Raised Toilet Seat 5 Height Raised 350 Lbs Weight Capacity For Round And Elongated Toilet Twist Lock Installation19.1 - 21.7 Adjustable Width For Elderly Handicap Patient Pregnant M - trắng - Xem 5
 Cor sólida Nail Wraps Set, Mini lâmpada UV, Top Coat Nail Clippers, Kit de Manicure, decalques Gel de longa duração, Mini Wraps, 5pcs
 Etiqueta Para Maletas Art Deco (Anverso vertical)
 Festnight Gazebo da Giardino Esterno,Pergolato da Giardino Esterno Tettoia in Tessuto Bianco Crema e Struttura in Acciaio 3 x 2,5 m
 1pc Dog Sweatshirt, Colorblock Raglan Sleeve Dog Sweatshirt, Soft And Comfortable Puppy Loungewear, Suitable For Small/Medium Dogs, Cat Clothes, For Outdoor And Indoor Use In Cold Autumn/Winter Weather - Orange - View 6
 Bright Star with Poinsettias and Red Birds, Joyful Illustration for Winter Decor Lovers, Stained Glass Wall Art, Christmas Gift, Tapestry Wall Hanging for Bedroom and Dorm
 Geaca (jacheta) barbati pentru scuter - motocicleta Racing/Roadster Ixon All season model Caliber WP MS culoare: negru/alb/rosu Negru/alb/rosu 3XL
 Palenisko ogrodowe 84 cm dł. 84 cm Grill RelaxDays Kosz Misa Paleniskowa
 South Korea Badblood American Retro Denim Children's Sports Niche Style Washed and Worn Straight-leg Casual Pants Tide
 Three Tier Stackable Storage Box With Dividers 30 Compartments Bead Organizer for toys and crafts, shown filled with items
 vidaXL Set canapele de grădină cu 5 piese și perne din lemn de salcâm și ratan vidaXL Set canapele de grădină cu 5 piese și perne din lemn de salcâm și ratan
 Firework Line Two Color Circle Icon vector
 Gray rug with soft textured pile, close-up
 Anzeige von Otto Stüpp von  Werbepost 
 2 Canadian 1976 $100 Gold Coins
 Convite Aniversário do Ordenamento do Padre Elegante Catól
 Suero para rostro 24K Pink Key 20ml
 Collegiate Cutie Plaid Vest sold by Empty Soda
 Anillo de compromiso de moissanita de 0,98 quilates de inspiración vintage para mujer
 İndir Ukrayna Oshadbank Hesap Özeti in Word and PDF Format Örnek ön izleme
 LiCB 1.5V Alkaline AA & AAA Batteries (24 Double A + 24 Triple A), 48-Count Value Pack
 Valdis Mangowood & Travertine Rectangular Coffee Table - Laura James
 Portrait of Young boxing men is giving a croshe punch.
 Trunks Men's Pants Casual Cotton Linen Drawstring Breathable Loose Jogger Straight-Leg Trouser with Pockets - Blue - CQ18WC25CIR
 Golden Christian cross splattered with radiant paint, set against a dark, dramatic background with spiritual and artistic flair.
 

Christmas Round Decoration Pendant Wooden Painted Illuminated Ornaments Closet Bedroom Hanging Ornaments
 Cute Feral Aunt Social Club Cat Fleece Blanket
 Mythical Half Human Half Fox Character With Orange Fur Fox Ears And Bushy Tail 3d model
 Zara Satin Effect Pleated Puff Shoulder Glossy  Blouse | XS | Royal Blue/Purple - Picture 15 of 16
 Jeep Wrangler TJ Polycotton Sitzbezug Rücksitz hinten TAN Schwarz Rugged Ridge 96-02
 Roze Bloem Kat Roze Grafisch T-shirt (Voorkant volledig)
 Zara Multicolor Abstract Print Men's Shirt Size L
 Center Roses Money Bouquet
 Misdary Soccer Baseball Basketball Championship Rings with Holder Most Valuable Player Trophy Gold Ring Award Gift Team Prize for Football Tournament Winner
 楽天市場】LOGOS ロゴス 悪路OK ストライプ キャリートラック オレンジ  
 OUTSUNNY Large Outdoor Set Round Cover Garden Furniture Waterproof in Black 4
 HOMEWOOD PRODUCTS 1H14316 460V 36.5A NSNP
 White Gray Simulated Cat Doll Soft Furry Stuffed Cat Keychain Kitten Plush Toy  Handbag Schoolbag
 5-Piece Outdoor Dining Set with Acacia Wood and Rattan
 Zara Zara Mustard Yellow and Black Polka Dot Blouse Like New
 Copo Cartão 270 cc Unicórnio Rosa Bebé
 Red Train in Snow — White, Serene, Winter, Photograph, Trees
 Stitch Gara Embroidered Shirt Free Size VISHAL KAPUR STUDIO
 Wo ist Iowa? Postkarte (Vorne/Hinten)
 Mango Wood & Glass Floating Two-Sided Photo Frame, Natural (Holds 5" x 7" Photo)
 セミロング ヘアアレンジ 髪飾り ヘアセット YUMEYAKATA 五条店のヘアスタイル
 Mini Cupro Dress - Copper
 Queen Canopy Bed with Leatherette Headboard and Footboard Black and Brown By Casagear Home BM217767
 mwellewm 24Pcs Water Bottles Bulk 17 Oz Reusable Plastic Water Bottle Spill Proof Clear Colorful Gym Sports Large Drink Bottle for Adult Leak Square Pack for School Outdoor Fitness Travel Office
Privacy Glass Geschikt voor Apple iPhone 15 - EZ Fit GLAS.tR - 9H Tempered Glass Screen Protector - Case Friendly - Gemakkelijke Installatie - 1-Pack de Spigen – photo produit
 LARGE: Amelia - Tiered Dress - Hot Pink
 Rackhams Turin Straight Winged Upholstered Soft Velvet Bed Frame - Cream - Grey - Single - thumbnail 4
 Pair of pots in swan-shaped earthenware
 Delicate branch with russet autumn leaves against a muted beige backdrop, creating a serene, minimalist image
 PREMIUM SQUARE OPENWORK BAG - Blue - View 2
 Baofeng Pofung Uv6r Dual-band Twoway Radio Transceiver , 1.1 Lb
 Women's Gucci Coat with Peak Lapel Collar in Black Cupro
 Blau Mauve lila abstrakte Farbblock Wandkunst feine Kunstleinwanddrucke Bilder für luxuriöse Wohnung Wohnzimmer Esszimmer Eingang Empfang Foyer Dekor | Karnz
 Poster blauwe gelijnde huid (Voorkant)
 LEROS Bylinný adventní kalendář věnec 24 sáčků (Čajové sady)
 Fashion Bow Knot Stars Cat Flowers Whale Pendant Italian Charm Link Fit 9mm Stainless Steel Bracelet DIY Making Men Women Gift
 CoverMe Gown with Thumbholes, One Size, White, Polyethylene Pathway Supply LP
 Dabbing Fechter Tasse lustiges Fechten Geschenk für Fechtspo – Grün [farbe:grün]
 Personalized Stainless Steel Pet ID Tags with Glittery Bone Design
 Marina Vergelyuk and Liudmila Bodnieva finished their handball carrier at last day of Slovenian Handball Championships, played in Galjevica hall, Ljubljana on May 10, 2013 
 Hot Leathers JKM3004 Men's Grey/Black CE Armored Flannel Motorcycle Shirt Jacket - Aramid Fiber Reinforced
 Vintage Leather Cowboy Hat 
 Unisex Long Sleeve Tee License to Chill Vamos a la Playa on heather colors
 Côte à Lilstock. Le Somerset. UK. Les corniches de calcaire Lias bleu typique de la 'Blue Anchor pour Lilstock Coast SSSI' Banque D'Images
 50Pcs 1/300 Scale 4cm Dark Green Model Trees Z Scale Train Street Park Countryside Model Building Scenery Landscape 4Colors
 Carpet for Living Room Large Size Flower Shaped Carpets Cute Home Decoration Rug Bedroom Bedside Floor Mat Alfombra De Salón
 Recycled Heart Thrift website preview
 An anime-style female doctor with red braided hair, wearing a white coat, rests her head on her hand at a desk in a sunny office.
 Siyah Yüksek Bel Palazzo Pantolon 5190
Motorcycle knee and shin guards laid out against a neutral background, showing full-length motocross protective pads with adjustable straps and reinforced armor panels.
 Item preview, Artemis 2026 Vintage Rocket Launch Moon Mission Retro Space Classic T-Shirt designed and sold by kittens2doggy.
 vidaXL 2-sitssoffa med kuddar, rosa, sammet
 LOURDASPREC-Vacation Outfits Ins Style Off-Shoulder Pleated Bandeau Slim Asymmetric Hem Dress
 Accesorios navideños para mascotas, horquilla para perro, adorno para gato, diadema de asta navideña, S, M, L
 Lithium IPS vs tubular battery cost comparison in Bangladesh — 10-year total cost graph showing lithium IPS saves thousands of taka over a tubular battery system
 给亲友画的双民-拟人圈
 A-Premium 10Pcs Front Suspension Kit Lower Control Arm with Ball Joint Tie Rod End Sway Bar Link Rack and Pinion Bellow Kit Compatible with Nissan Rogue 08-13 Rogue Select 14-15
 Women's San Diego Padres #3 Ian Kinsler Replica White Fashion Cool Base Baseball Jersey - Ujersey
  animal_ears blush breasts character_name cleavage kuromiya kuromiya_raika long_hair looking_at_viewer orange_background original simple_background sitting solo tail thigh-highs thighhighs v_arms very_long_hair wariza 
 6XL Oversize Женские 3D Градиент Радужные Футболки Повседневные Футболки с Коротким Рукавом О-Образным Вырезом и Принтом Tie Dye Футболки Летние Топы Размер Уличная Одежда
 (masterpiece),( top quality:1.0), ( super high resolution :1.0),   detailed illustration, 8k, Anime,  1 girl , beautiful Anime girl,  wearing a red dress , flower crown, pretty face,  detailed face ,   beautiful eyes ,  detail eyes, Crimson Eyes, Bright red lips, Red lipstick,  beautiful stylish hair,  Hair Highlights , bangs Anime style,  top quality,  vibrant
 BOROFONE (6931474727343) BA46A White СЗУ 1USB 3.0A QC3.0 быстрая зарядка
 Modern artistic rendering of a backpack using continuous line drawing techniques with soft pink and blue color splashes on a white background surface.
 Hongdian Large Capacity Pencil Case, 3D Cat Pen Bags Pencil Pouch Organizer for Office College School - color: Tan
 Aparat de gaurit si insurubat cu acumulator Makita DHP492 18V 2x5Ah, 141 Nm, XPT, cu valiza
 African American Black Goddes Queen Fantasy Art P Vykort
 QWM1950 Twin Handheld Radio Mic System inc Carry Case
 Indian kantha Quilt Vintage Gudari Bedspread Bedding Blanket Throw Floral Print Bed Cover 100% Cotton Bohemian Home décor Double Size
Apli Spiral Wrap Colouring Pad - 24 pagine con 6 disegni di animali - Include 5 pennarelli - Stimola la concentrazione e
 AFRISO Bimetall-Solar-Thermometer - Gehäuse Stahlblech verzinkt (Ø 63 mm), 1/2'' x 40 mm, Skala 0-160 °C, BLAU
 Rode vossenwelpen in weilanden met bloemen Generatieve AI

##############################

__EXERCISE AIM__. In the listing above, find the line containing "Recycled Heart Thrift website preview" and the line containing "Motorcycle knee and", then quote both, plus every line between them, exactly as written.

__WRITTEN ANSWER__.
 Recycled Heart Thrift website preview
 An anime-style female doctor with red braided hair, wearing a white coat, rests her head on her hand at a desk in a sunny office.
 Siyah Yüksek Bel Palazzo Pantolon 5190
Motorcycle knee and shin guards laid out against a neutral background, showing full-length motocross protective pads with adjustable straps and reinforced armor panels.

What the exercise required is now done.